전문 번역가, 번역 회사, 웹 페이지 및 자유롭게 사용할 수 있는 번역 저장소 등을 활용합니다.
kendinizin göz yummadan alamayacağınız bayağı şeyleri vermeye kalkışmayın ve bilin ki, şüphesiz allah, hiçbir şeye ihtiyacı olmayandır, övülmeye layık olandır.
y no elijáis lo malo para vuestras limosnas, como tampoco vosotros lo tomaríais a menos que tuvierais los ojos cerrados. sabed que alá se basta a sí mismo, es digno de alabanza.
büyük bir evde yalnız altın ve gümüş kaplar bulunmaz; tahta ve toprak kaplar da vardır. kimi onurlu, kimi bayağı iş için kullanılır.
pero en una casa grande, no solamente hay vasos de oro y de plata, sino también de madera y de barro. además, hay unos para uso honroso y otros para uso común
bayağı insanlardan kimi de vardır ki, bilgisizce allah yolundan saptırmak ve onu eğlence yerine tutmak için laf eğlencesi (veya boş söz) satın alırlar.
hay entre los hombres quien compra historietas divertidas para, sin conocimiento, extraviar a otros del camino de alá y para tomarlo a burla.
eğer bir kimse tanrı oğlunu ayaklar altına alır, kendisini kutsal kılan antlaşma kanını bayağı sayar ve lütufkâr ruha hakaret ederse, bundan ne kadar daha ağır bir cezaya layık görülecek sanırsınız?
¿cuánto mayor castigo pensáis que merecerá el que ha pisoteado al hijo de dios, que ha considerado de poca importancia la sangre del pacto por la cual fue santificado y que ha ultrajado al espíritu de gracia
ey inananlar, kazandığınız temiz şeylerden, yeryüzünden sizin için çıkardığımız nesneleri verin, görmemek için gözlerinizi yummadan ele alamayacağınız bayağı ve aşağılık şeyleri değil ve bilin ki allah, müstağnidir ve tam hamda layık olan odur.
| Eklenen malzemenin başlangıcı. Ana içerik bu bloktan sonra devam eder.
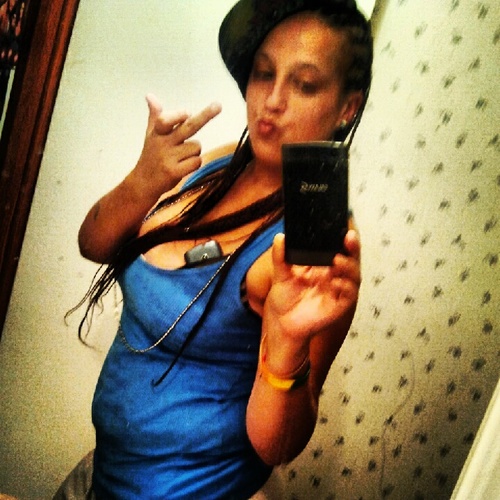 #TeamLesbihonest..Livin my life.. Fayetteville NC... A mother..A sister... #TeamCheyBoogie.. #TeamAquarius..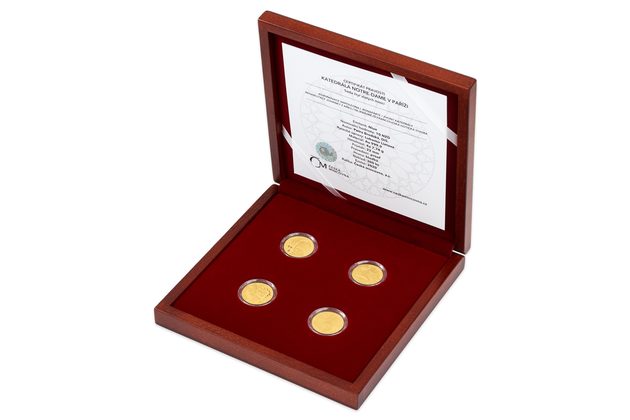 Sada čtyř zlatých mincí Katedrála Notre-Dame v Paříži proof (ČM 2020)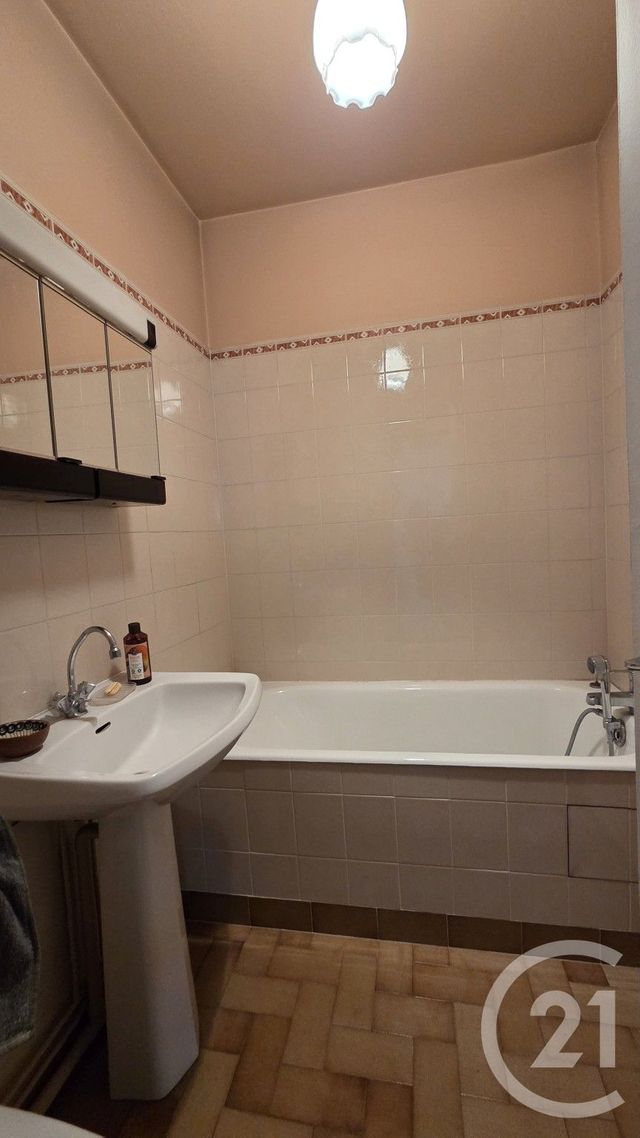 Appartement F1 &agrave; vendre - 1 pi&egrave;ce - 34,66 m2 - Moulins - 03 - AUVERGNE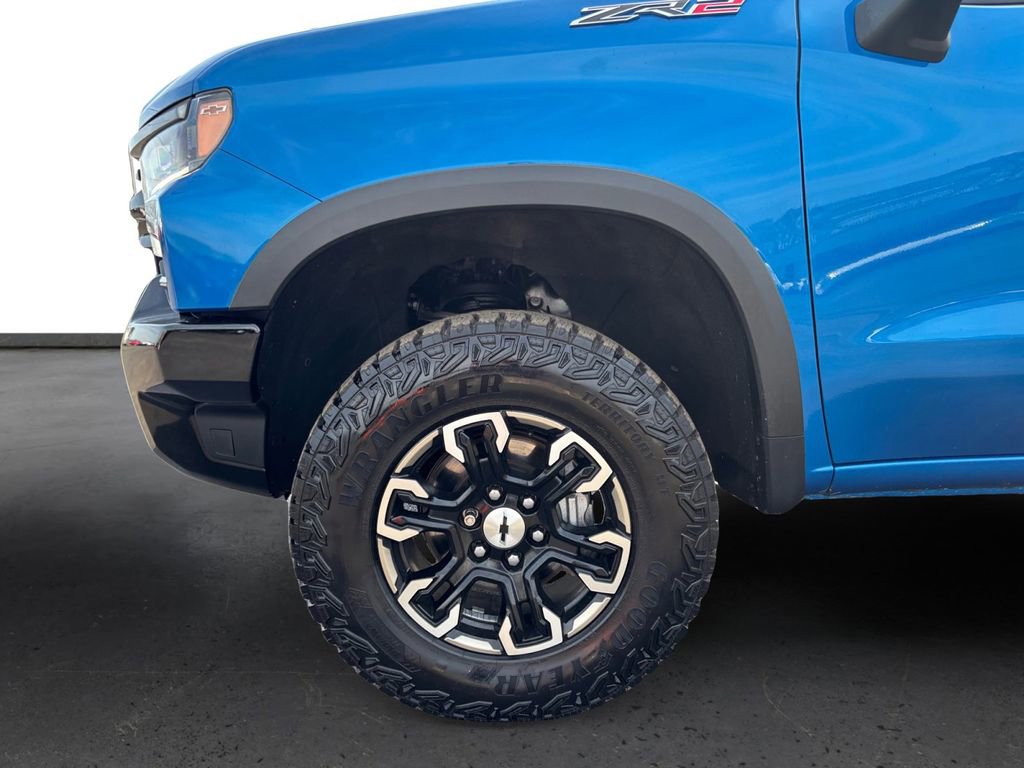 Used 2022 Chevrolet Silverado 1500 ZR2 w/ Technology Package AWD/4WD image 13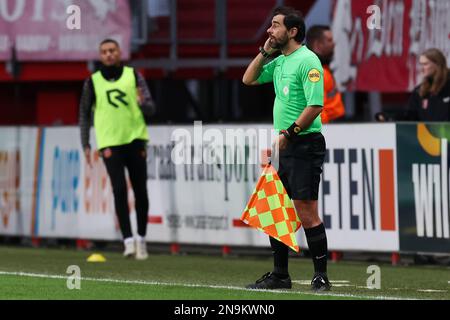 ENSCHEDE, PAESI BASSI - FEBBRAIO 12: Assistente Referee Cristian Dobre durante la partita di Eredivie tra FC Twente e FC Volendam a De Grolsch veste il 12 Febbraio 2023 a Enschede, Paesi Bassi (Foto di Marcel ter Bals/Orange Pictures) Foto Stock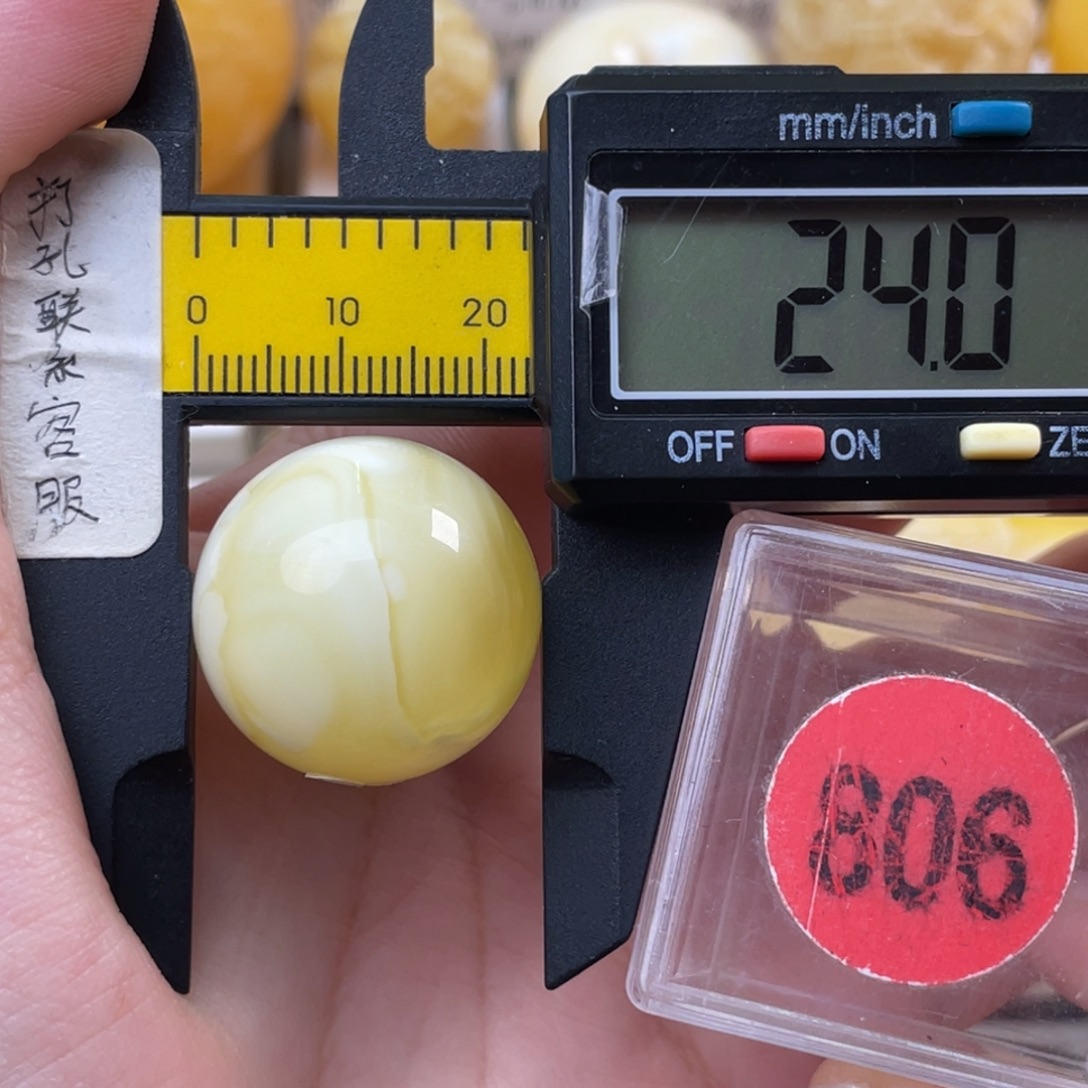 吐****蜜蜡未镶嵌珠宝奇石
¡creyentes! ¡dad limosna de las cosas buenas que habéis adquirido y de lo que, para vosotros, hemos sacado de la tierra! y no elijáis lo malo para vuestras limosnas, como tampoco vosotros lo tomaríais a menos que tuvierais los ojos cerrados. sabed que alá se basta a sí mismo, es digno de alabanza.
kendinizin göz yummadan alıcısı olmadığınız pis/bayağı şeyleri vermeye kalkmayın. bilin ki allah ganî'dir, cömertliğine sınır yoktur; hamîd'dir, bütün övgülerin sahibidir/övgüye layık olanları gereğince över.
y no elijáis lo malo para vuestras limosnas, como tampoco vosotros lo tomaríais a menos que tuvierais los ojos cerrados. sabed que alá se basta a sí mismo, es digno de alabanza.